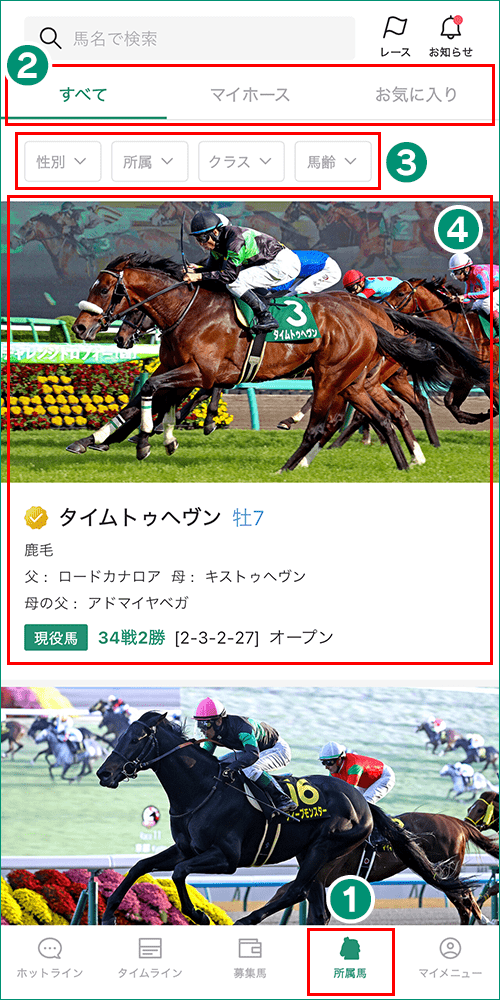所属馬画面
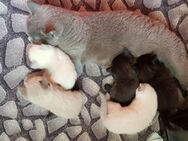 Britisch Kurzhaar kitten - Borkow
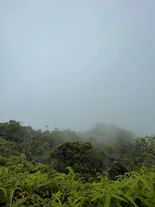 F4235143-9F49-4612-8A66-DD6B885D60C6.jpeg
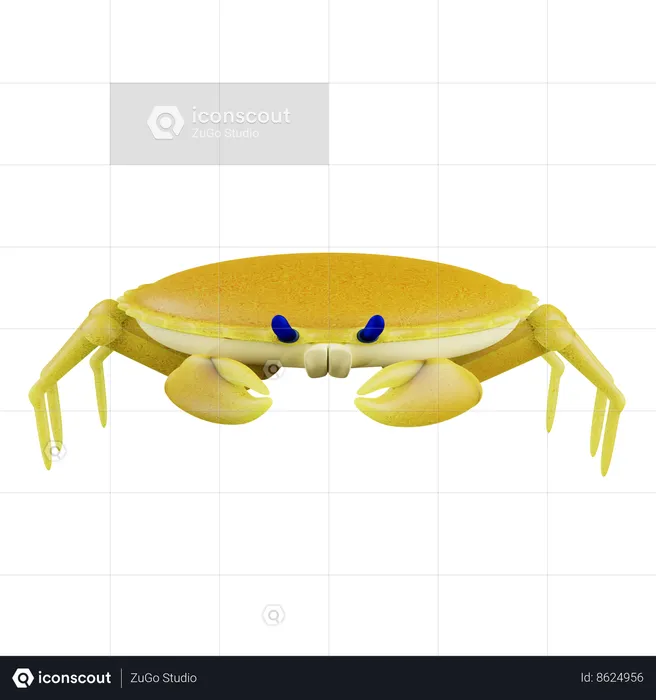 Crabe océanique  3D Icon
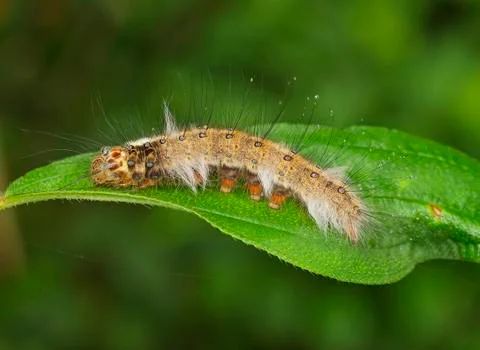 Caterpillar Photos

WHAT TO PRODUCE:
Your reply should hold exactly the lines from the line containing "Britisch Kurzhaar kitten - Borkow" through the final line of the listing, and none of the pictures.

SOLUTION TO THE PROBLEM:
 Britisch Kurzhaar kitten - Borkow
 F4235143-9F49-4612-8A66-DD6B885D60C6.jpeg
 Crabe océanique  3D Icon
 Caterpillar Photos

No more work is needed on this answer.